*Instructions for the task*: Print the data below verbatim, minus images.

*Stored data*:
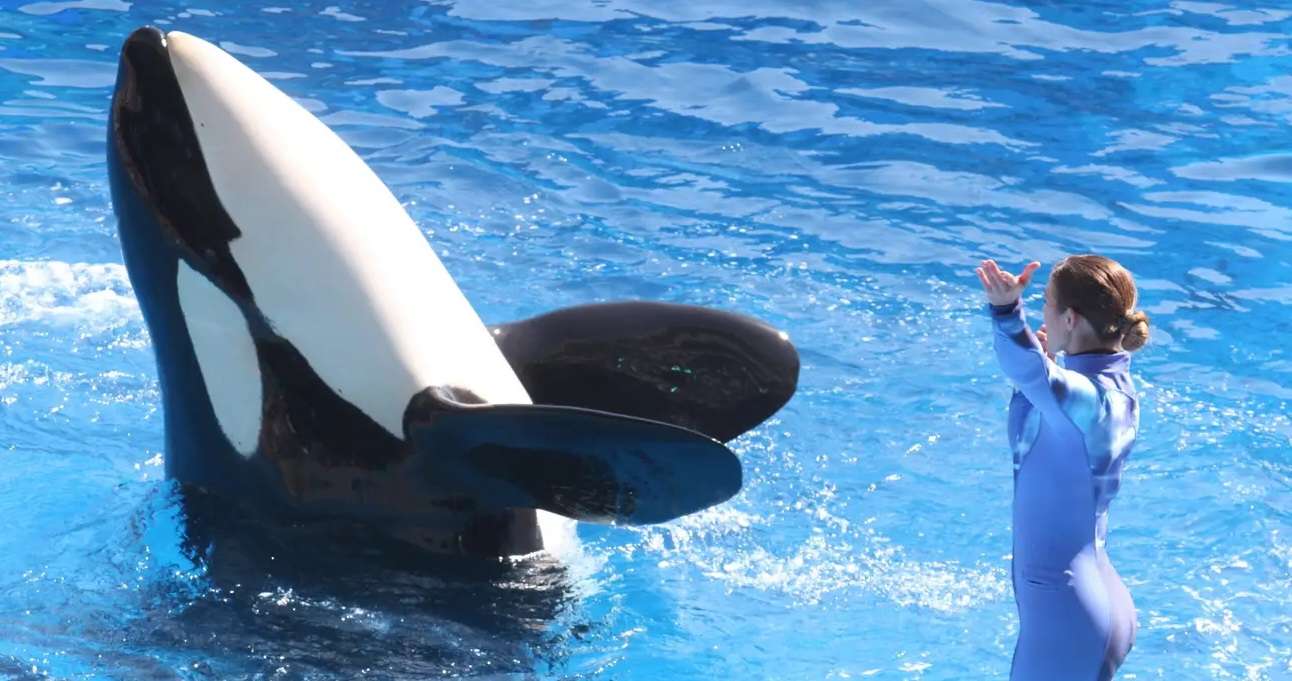 Hanwha Aqua Planet 63 Tickets in Seoul, Book @ Flat 12% off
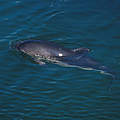 Schweinswal in der Nordsee © Harald Benke / WWF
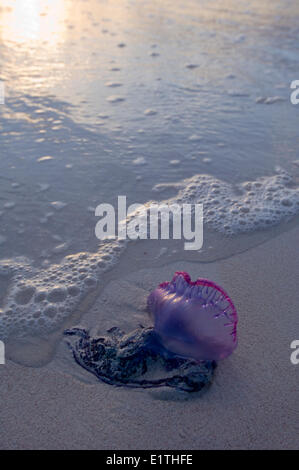 Portugiesischer Mann o Krieg (Physalia Physalis) auch bekannt als die portugiesische Kriegsschiff Kriegsschiff oder Zusammenarbeit, Tulum Beach Quintana Stockfoto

*Response to the task*:
 Hanwha Aqua Planet 63 Tickets in Seoul, Book @ Flat 12% off
 Schweinswal in der Nordsee © Harald Benke / WWF
 Portugiesischer Mann o Krieg (Physalia Physalis) auch bekannt als die portugiesische Kriegsschiff Kriegsschiff oder Zusammenarbeit, Tulum Beach Quintana Stockfoto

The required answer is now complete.